Works great. Very occasionally I get an error (black screen) requiring me to disconnect and reconnect the display port adapter but I get the same occasional nonsense with my regular monitor too so 🤷.
Usually that happens after new Nvidia drivers too so…
I think the only devices in my house that aren’t running Linux are running VXWorks or some random embedded OS. Been this way for ages.
Windows 11 used to consume 3.5GB of RAM and Solus Budgie 4.5 consumes only 1GB…
For me Windows 11 used to consume 7GB of RAM, OpenSUSE Tumbleweed with KDE Plasma only uses 2GB
Damn 7GB is alot! Dafuq Microsoft was doing
And what exactly is wrong with that?
My MacBook Pro was 128 GB of memory is so desperate to fill it up that it gives the applications insane amounts of memory. That only took around 30 GB of memory, so the Mac also loaded the entire file system to the memory which takes around 80 GB. The whole system is super fast because it doesn’t have to read the files from a slow SSD, but from a fast memory.
It’s just a matter of how you look at it. The empty memory = wasted memory.
Bro, my laptop has 8GB of memory lol, and it uses 3.5GB of it just after the startup.
128 GB RAM? How much did the whole thing cost?
I think it was around 7.5k EUR. But because I bought and sold Apple shares with this in mind I’ve paid around 500 EUR for that thing.
Still not there and seems very hard yet, today I was just trying to compare two folders from external HDD using something
- Can’t find a decent folder comparator on Linux
- I found a kinda of one but I can’t find external HDD on it cause some mount bs in Linux
Such a simple task in windows, Linux is hardly better for regular use.
Edit: so 4 replies one of them is about using commands prompt ( hardly useful for new users) , one says its windows fault, one of them.might be answer and one of them is related to driver issue for drive. And at time of edit i am -4 on votes. So much for linux Community and help.
Why a simple person won’t consider windows ? Now I await more minuses I think.
If you’re on GNOME the drive will show up in the “Other Locations” option in files or it might show up on the side. If its not probably a driver issue, though I’ve never had such an issue when using sane distro choices like Fedora, Ubuntu and Debian
What’s a folder comparator? Showing the difference between two directories can be done with
diff -qr dir1 dir2
or with a gui with mold (one Google search away my dude). If installed via flatpak you may need to give it permission to your files (flatseal is nice for that)You need drivers for your external USB most likely. Unfortunately, a lot of brands only support microsoft’s malware of a OS and use unnecessary proprietary firmware…
I’ve found
meld
to be a good graphical tool to do this sort of thing. Should be in the repos.Would be nice if it could be launched by file managers though.

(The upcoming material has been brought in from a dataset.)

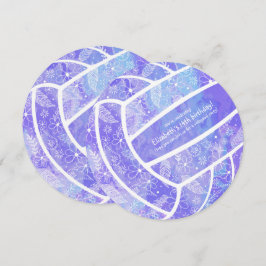 Invitación Doodle floral patrón de voleibol púrpura cumpleaño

On my duel booted system I still have windows. But I haven’t had to use it in a couple weeks and at this point might just delete it and go fully into Linux only. Just a few windows only apps that are making me unsure. Might try windows vm.
I like the idea that Linux and Windows have a duel every time your system boots and the winner gets to start up.
I have a Windows install that I haven’t booted up in 2 years. I didn’t really use it anyway. I just had one thing to finish there, but I am lazy.
I only used it for a few weeks after getting that laptop while waiting for Linux kernel 5.8 which would finally support that hardware as nothing older booted up.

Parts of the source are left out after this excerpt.